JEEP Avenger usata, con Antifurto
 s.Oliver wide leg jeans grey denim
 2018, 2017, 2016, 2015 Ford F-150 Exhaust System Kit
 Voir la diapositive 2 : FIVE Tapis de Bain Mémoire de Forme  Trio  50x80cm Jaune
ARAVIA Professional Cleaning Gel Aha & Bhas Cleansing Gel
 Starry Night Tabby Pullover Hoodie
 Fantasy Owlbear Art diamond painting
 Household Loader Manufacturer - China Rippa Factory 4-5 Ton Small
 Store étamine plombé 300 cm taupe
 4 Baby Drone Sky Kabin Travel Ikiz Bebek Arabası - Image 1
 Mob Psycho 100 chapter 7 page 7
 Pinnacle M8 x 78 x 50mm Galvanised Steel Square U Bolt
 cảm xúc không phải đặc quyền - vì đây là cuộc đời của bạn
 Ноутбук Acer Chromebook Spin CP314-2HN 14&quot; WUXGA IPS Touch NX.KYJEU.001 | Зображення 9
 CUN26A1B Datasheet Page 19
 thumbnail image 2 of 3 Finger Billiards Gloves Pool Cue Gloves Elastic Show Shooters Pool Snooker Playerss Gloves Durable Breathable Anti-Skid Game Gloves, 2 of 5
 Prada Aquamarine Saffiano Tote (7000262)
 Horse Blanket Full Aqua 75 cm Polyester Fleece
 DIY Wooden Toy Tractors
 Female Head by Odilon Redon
───
Aim of the exercise :: Starting at the line with "Fantasy Owlbear Art diamond painting", print each remaining line of the listing above exactly as it appears.

Reply to the exercise ::
 Fantasy Owlbear Art diamond painting
 Household Loader Manufacturer - China Rippa Factory 4-5 Ton Small
 Store étamine plombé 300 cm taupe
 4 Baby Drone Sky Kabin Travel Ikiz Bebek Arabası - Image 1
 Mob Psycho 100 chapter 7 page 7
 Pinnacle M8 x 78 x 50mm Galvanised Steel Square U Bolt
 cảm xúc không phải đặc quyền - vì đây là cuộc đời của bạn
 Ноутбук Acer Chromebook Spin CP314-2HN 14&quot; WUXGA IPS Touch NX.KYJEU.001 | Зображення 9
 CUN26A1B Datasheet Page 19
 thumbnail image 2 of 3 Finger Billiards Gloves Pool Cue Gloves Elastic Show Shooters Pool Snooker Playerss Gloves Durable Breathable Anti-Skid Game Gloves, 2 of 5
 Prada Aquamarine Saffiano Tote (7000262)
 Horse Blanket Full Aqua 75 cm Polyester Fleece
 DIY Wooden Toy Tractors
 Female Head by Odilon Redon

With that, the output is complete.